Exercise prompt
Output all entries exactly; images excluded.
-*-*-
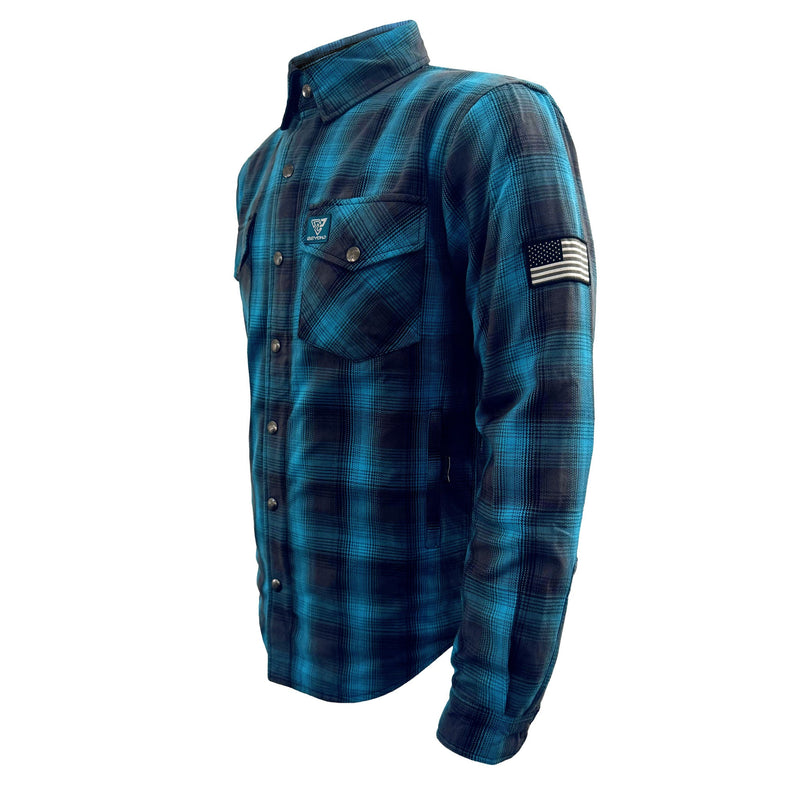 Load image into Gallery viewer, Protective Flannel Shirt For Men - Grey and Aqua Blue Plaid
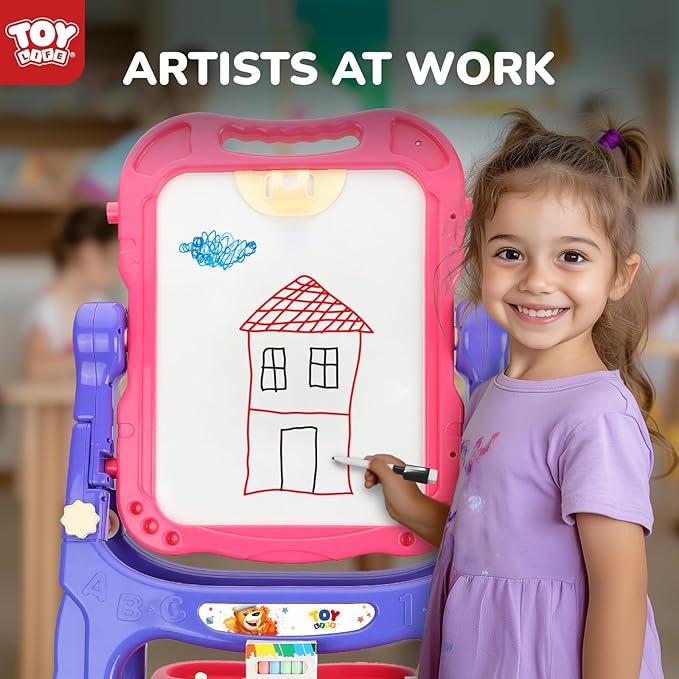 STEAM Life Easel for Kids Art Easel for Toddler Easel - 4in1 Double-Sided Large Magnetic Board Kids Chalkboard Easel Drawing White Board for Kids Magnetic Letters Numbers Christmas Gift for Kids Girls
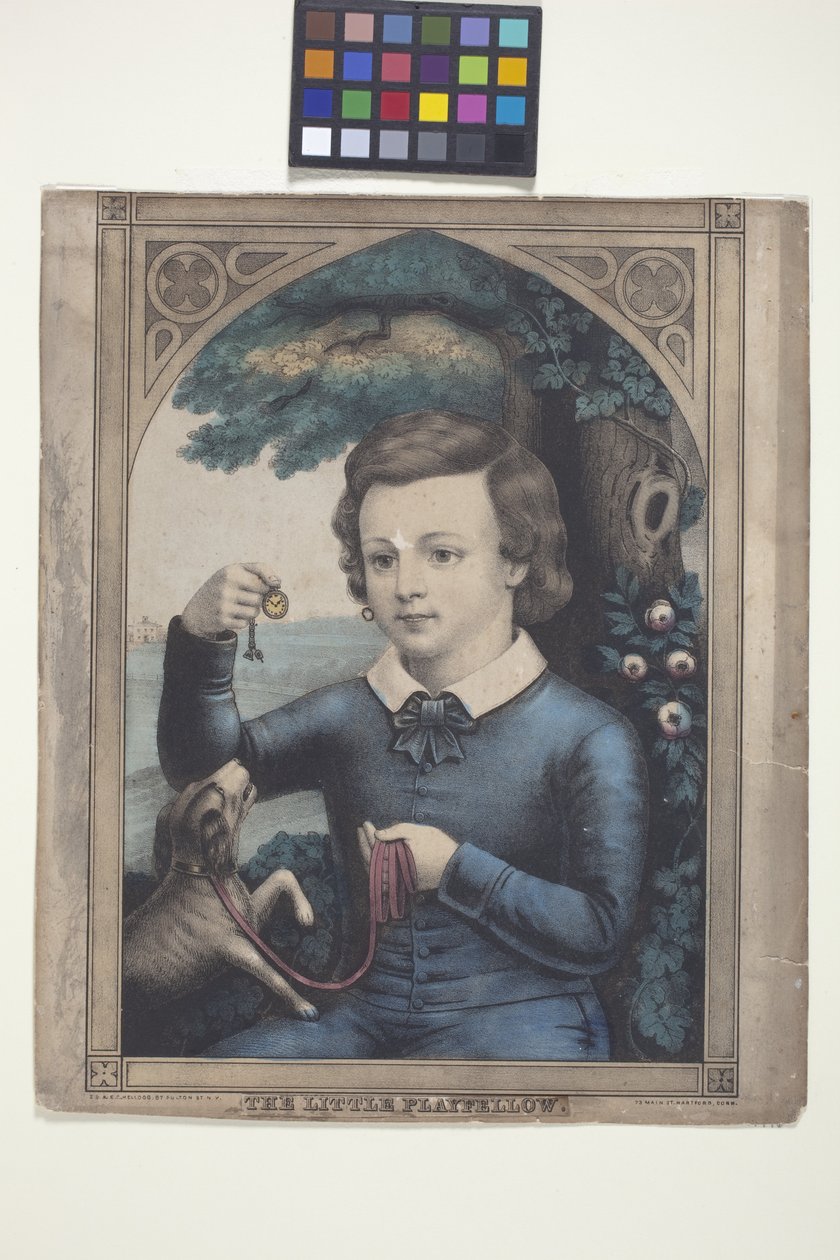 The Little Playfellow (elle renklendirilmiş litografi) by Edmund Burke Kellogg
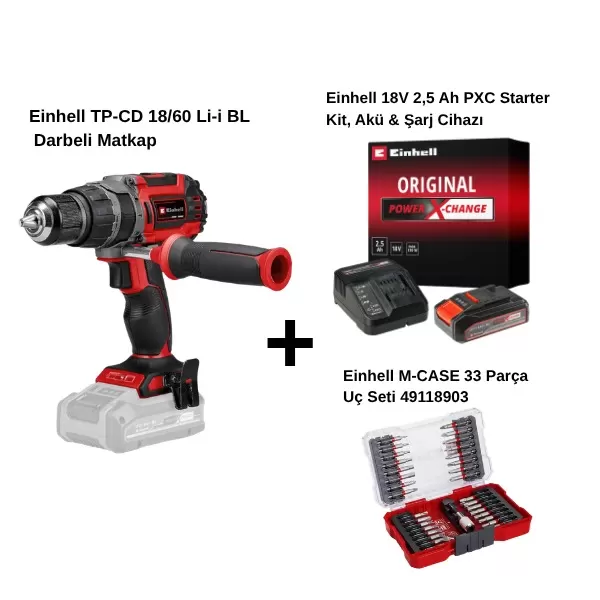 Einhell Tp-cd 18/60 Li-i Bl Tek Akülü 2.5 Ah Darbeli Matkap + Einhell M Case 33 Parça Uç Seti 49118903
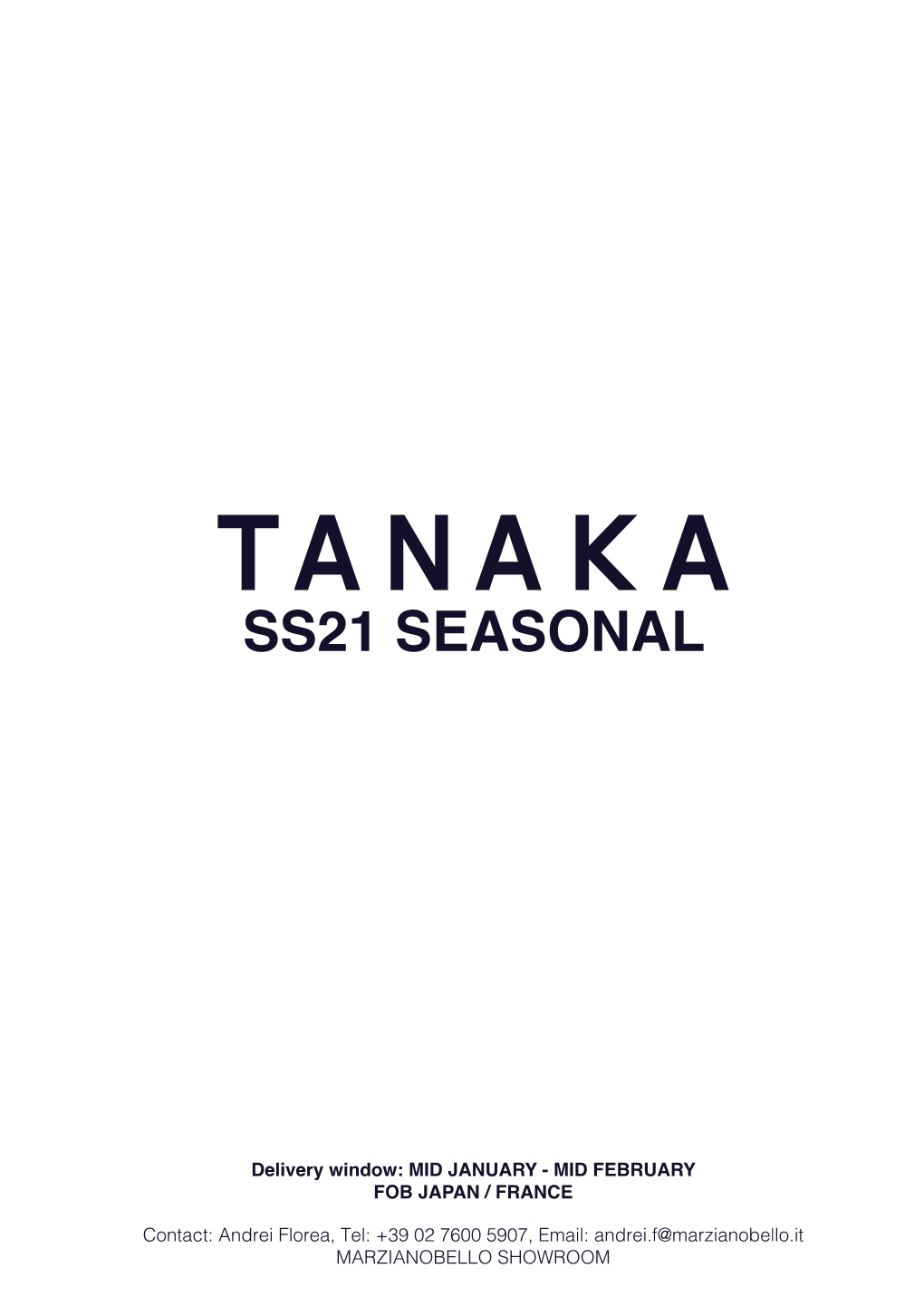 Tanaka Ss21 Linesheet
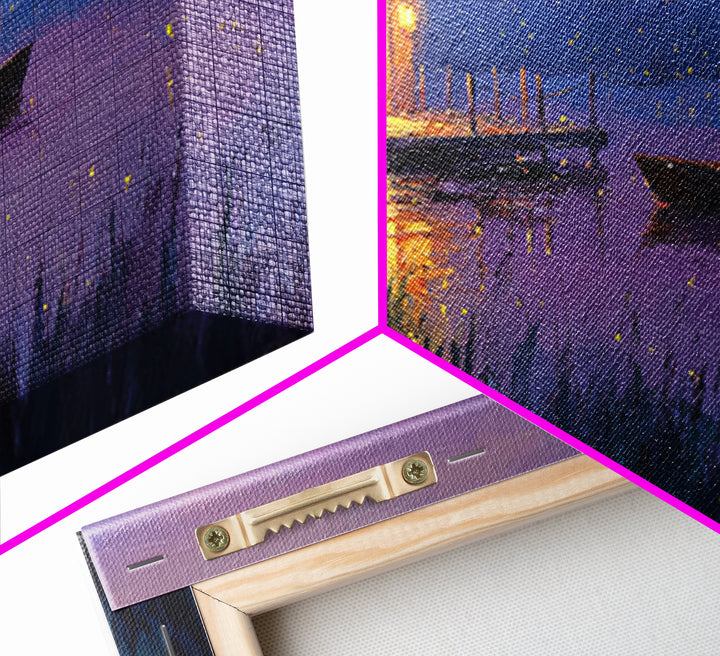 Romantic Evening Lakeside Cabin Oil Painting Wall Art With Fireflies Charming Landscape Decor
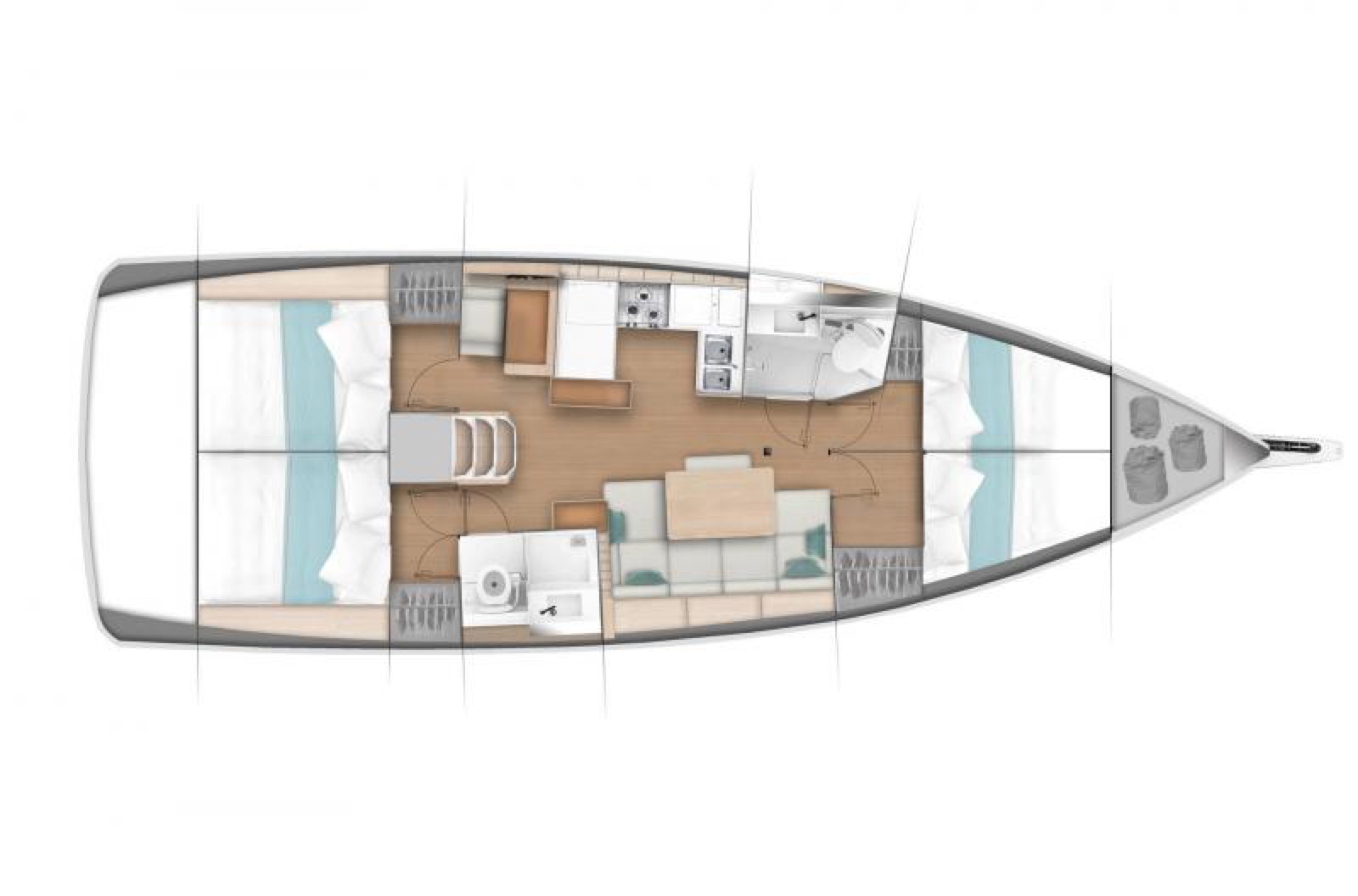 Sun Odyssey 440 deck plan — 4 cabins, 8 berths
-*-*-
Expected answer
 Load image into Gallery viewer, Protective Flannel Shirt For Men - Grey and Aqua Blue Plaid
 STEAM Life Easel for Kids Art Easel for Toddler Easel - 4in1 Double-Sided Large Magnetic Board Kids Chalkboard Easel Drawing White Board for Kids Magnetic Letters Numbers Christmas Gift for Kids Girls
 The Little Playfellow (elle renklendirilmiş litografi) by Edmund Burke Kellogg
 Einhell Tp-cd 18/60 Li-i Bl Tek Akülü 2.5 Ah Darbeli Matkap + Einhell M Case 33 Parça Uç Seti 49118903
 Tanaka Ss21 Linesheet
 Romantic Evening Lakeside Cabin Oil Painting Wall Art With Fireflies Charming Landscape Decor
 Sun Odyssey 440 deck plan — 4 cabins, 8 berths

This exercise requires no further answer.